- **WHAT YOU NEED TO DO**:
All of the data should be restated word for word, with the pictures omitted.

--- DATASET CONTENT Enclosed Below ---

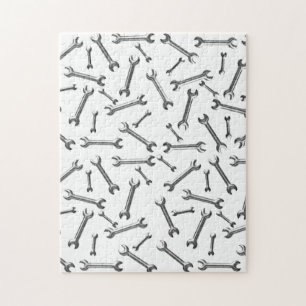 Viele Schraubenschlüssel Puzzle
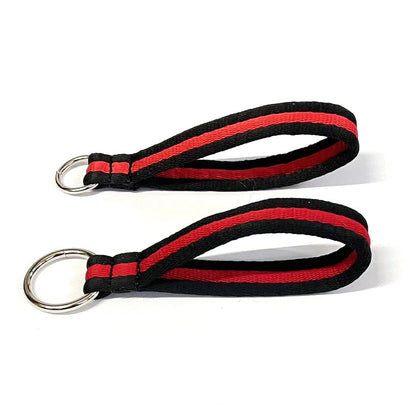 Short Close Control Grab Handle Dog Lead 8" Long With O-ring 25mm Air Webbing
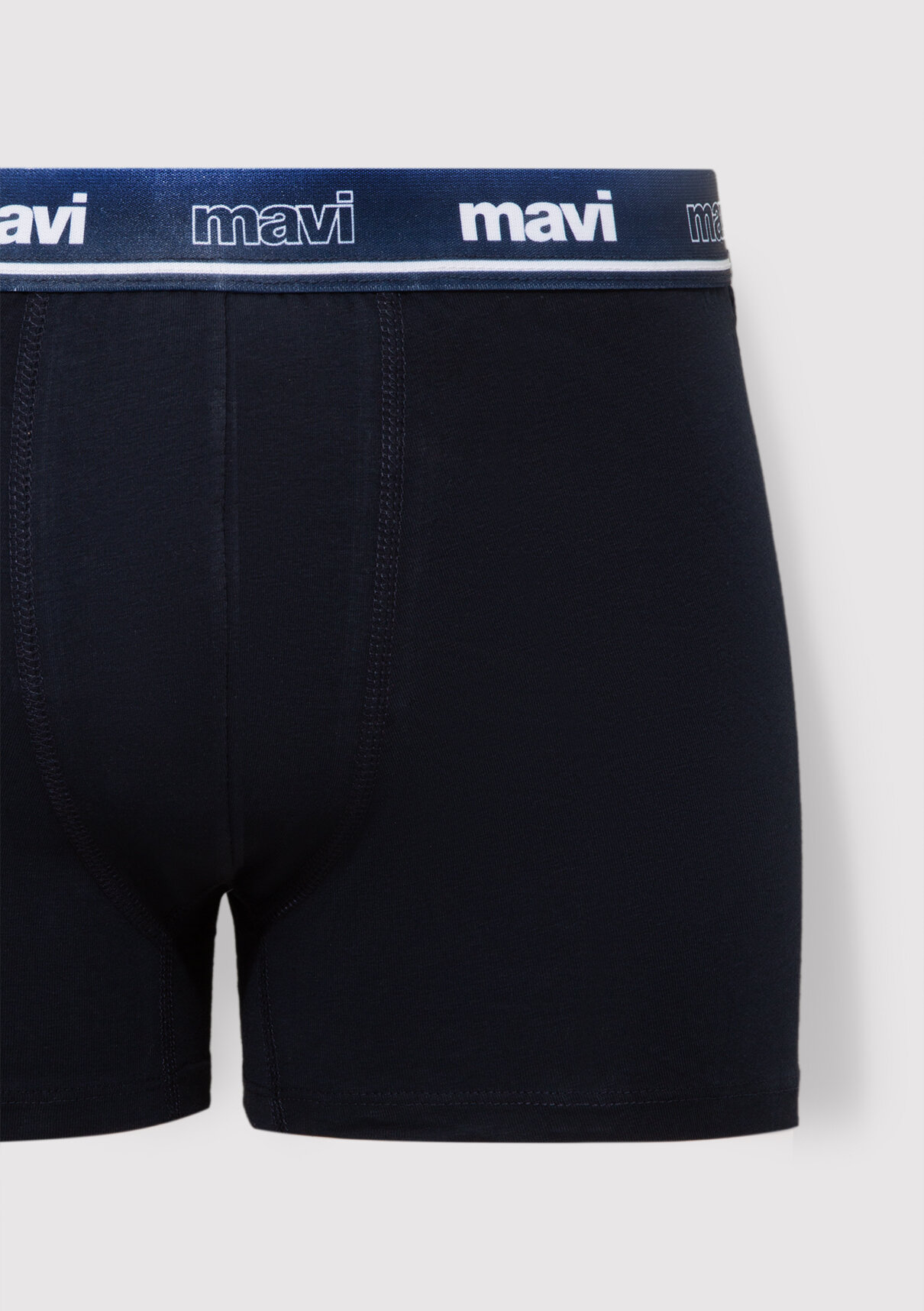 Mavi Lacivert Basic Boxer görsel 2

--- End of Enclosed DATASET CONTENT ---

- **EXERCISE ANSWER**:
 Viele Schraubenschlüssel Puzzle
 Short Close Control Grab Handle Dog Lead 8" Long With O-ring 25mm Air Webbing
 Mavi Lacivert Basic Boxer görsel 2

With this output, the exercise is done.